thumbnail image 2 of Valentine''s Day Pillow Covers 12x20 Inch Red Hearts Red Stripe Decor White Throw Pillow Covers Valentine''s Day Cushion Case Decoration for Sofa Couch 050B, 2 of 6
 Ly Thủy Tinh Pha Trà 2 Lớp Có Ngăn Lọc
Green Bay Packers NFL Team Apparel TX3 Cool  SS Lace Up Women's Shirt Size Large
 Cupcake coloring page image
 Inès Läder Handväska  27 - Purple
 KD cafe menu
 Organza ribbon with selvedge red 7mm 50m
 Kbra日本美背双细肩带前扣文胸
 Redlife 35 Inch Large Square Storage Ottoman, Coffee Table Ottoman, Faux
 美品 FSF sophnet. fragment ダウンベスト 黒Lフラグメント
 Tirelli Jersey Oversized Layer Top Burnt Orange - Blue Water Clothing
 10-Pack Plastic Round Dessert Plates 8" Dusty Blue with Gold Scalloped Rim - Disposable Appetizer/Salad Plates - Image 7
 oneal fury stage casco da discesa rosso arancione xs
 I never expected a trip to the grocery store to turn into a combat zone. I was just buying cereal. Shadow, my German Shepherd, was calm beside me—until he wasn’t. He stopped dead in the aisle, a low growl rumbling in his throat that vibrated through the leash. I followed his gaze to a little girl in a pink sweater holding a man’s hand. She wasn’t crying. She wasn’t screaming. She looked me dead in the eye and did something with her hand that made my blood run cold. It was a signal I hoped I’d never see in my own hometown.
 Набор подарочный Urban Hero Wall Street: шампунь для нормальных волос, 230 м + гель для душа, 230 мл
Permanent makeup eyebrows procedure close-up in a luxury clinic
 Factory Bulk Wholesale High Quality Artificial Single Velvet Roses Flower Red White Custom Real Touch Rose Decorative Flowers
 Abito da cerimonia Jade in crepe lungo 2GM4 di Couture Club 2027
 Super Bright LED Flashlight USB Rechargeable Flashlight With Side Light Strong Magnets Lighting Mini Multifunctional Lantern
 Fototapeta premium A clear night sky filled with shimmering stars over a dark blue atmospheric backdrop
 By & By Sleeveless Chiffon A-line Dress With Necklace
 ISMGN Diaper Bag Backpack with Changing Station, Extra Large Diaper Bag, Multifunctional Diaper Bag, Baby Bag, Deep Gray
########################################
The answer should contain only the lines from the first line of the entries through the line holding "I never expected", each exactly as written.

thumbnail image 2 of Valentine''s Day Pillow Covers 12x20 Inch Red Hearts Red Stripe Decor White Throw Pillow Covers Valentine''s Day Cushion Case Decoration for Sofa Couch 050B, 2 of 6
 Ly Thủy Tinh Pha Trà 2 Lớp Có Ngăn Lọc
Green Bay Packers NFL Team Apparel TX3 Cool  SS Lace Up Women's Shirt Size Large
 Cupcake coloring page image
 Inès Läder Handväska  27 - Purple
 KD cafe menu
 Organza ribbon with selvedge red 7mm 50m
 Kbra日本美背双细肩带前扣文胸
 Redlife 35 Inch Large Square Storage Ottoman, Coffee Table Ottoman, Faux
 美品 FSF sophnet. fragment ダウンベスト 黒Lフラグメント
 Tirelli Jersey Oversized Layer Top Burnt Orange - Blue Water Clothing
 10-Pack Plastic Round Dessert Plates 8" Dusty Blue with Gold Scalloped Rim - Disposable Appetizer/Salad Plates - Image 7
 oneal fury stage casco da discesa rosso arancione xs
 I never expected a trip to the grocery store to turn into a combat zone. I was just buying cereal. Shadow, my German Shepherd, was calm beside me—until he wasn’t. He stopped dead in the aisle, a low growl rumbling in his throat that vibrated through the leash. I followed his gaze to a little girl in a pink sweater holding a man’s hand. She wasn’t crying. She wasn’t screaming. She looked me dead in the eye and did something with her hand that made my blood run cold. It was a signal I hoped I’d never see in my own hometown.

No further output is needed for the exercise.